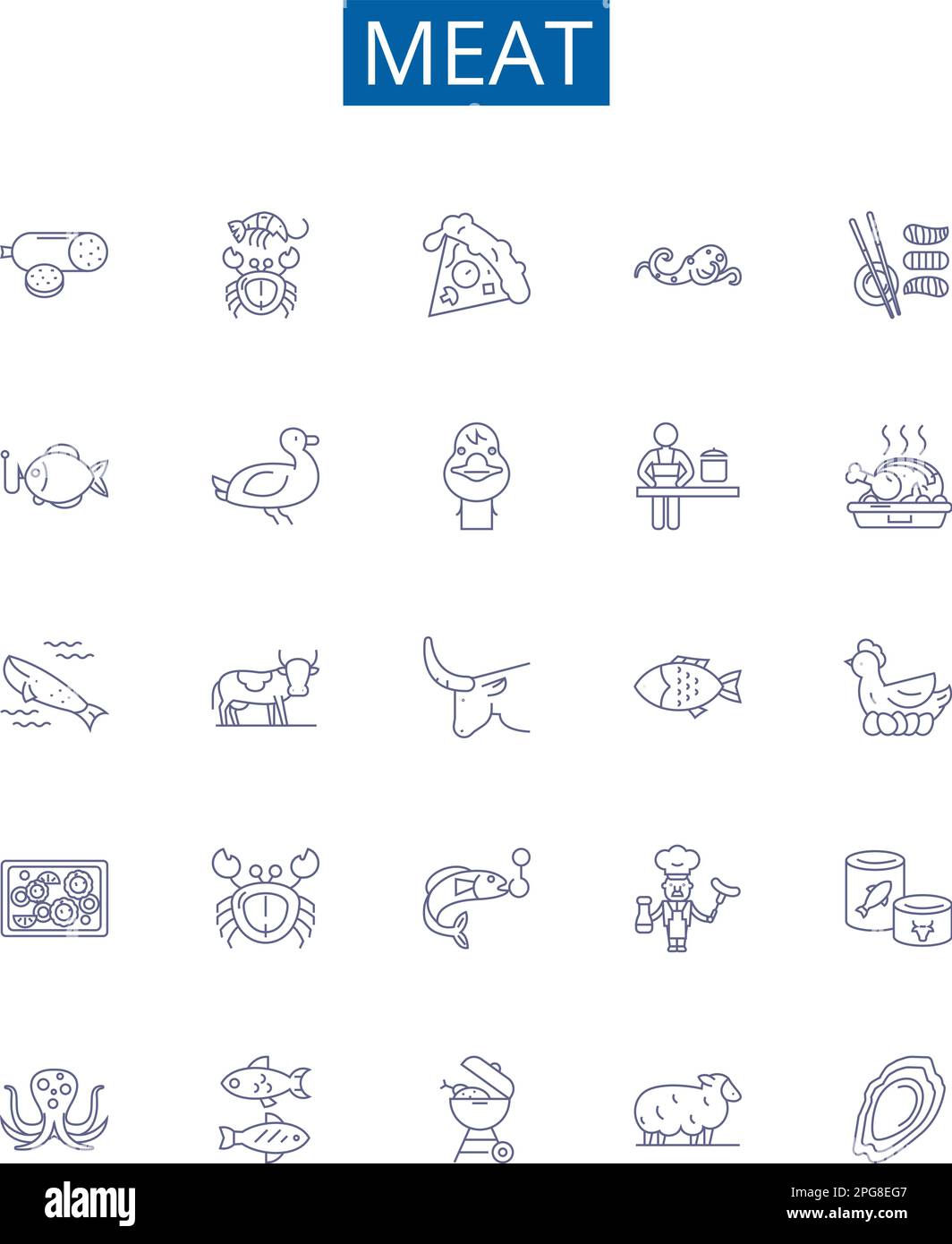 Meat line icons signs set. Design collection of Pork, Beef, Mutton ...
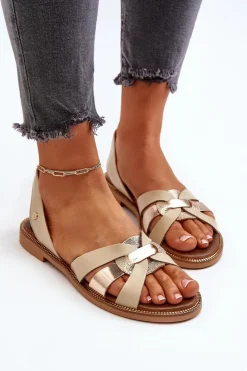 Damskie Zazoo 40382 Sandały Damskie Skórzane Beżowe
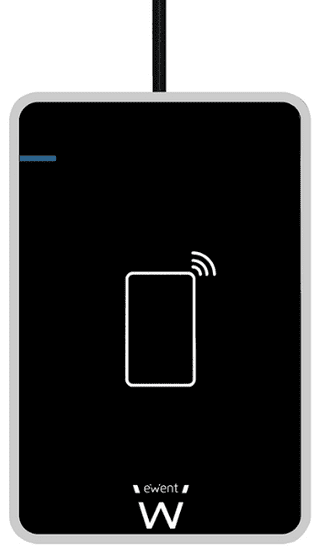 Ewent čitač pametnih i osobnih kartica, USB 2.0, NFC, crni (EW1053)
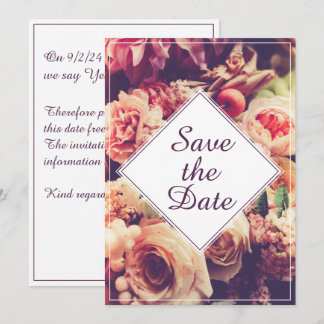 Elegant Vintage Wedding Announcement, Flower Motif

+--

### WORK TO BE COMPLETED
Starting where a line contains "Damskie Zazoo 40382" and finishing at the last line above, set down every line exactly as it reads, with no pictures.

### ANSWER TO THE EXERCISE
 Damskie Zazoo 40382 Sandały Damskie Skórzane Beżowe
 Ewent čitač pametnih i osobnih kartica, USB 2.0, NFC, crni (EW1053)
 Elegant Vintage Wedding Announcement, Flower Motif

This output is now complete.